Source: http://www.datacarpentry.org/python-ecology-lesson/01-starting-with-data/\
One of the best options for working with tabular data in Python is to use the Python Data Analysis Library (a.k.a. Pandas). The Pandas library provides data structures, produces high quality plots with matplotlib and integrates nicely with other libraries that use NumPy arrays.
We begin by importing the pandas library. By convention, we often import pandas with the pd
alias.
In [1]:
#Import pandas, using the alias 'pd'
import pandas as pd
In the Data folder within our workspace is a file named surveys.csv
which holds the data we'll use for our exercises. If you're curious, this dataset is part of the Portal Teaching data, a subset of the data from Ernst et al Long-term monitoring and experimental manipulation of a Chihuahuan Desert ecosystem near Portal, Arizona, USA.

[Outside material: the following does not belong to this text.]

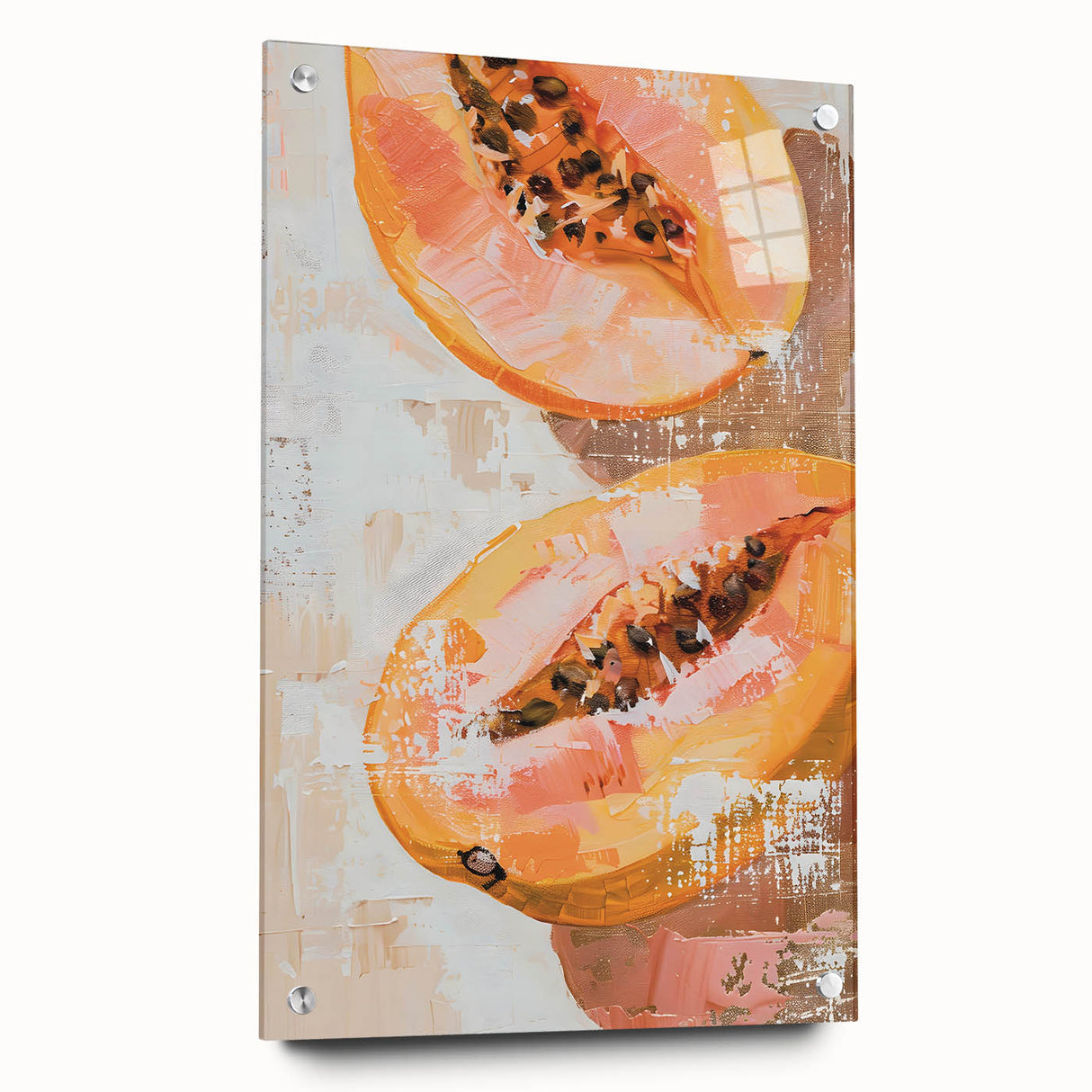 Acrylic print of large abstract fruit motifs in vibrant colors, ideal for dining room wall art.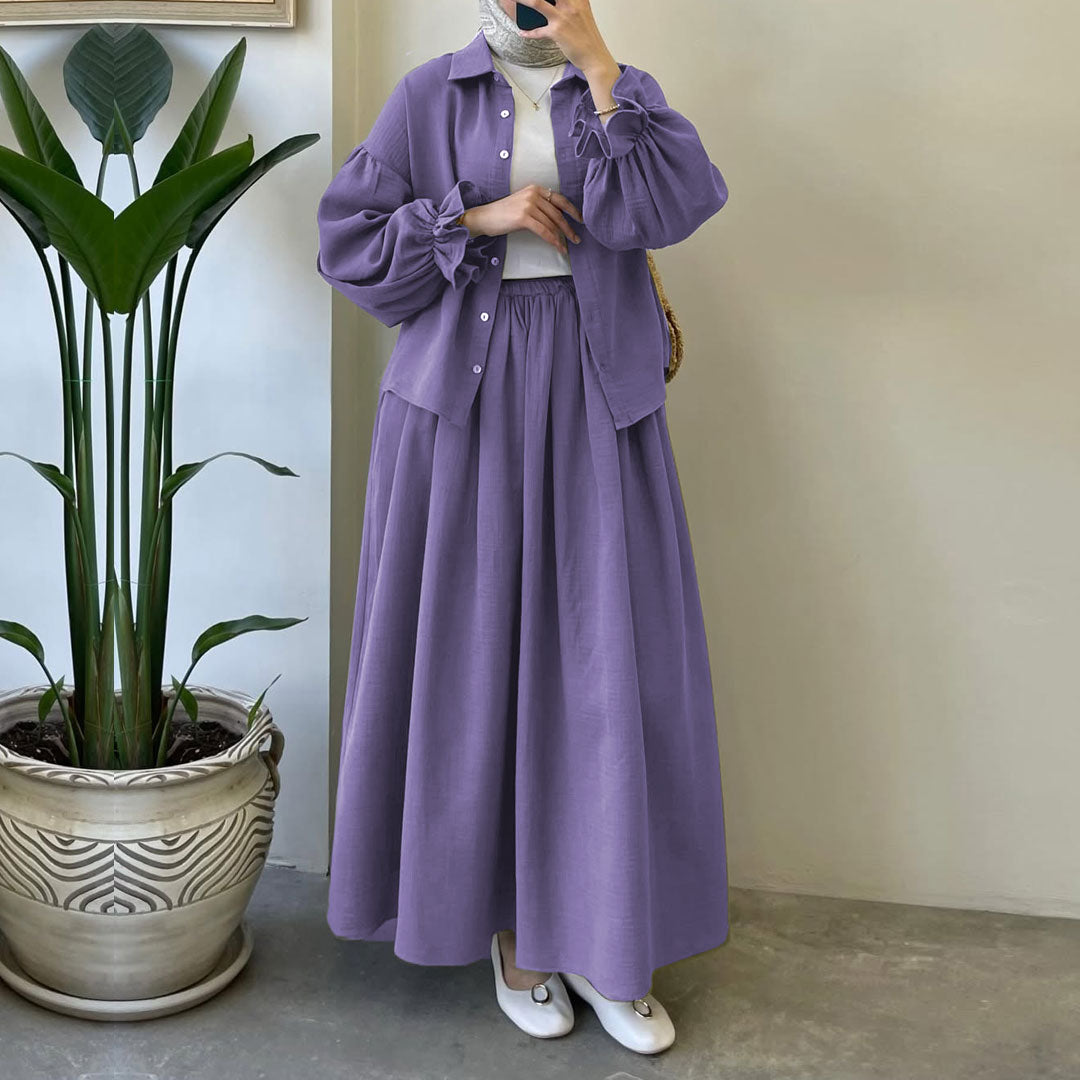 Muslin-Feel Georgette 2-Piece Outfit – Soft, Flowy & Chic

We are studying the species and weight of animals caught in plots in our study area. The dataset is stored as a .csv
file: each row holds information for a single animal, and the columns represent:
Column | Description |
---|---|
record_id | Unique id for the observation |
month | month of observation |
day | day of observation |
year | year of observation |
plot_id | ID of a particular plot |
species_id | 2-letter code |
sex | sex of animal (“M”, “F”) |
hindfoot_length | length of the hindfoot in mm |
weight | weight of the animal in grams |
A DataFrame is a 2-dimensional data structure that can store data of different types (including characters, integers, floating point values, factors and more) in columns. It is similar to a spreadsheet or an SQL table or the data.frame in R. A DataFrame always has an index (0-based). An index refers to the position of an element in the data structure.
In [2]:
#Read in the csv file as a data frame, holding it in the object called surveys_df
surveys_df = pd.read_csv('../data/surveys.csv')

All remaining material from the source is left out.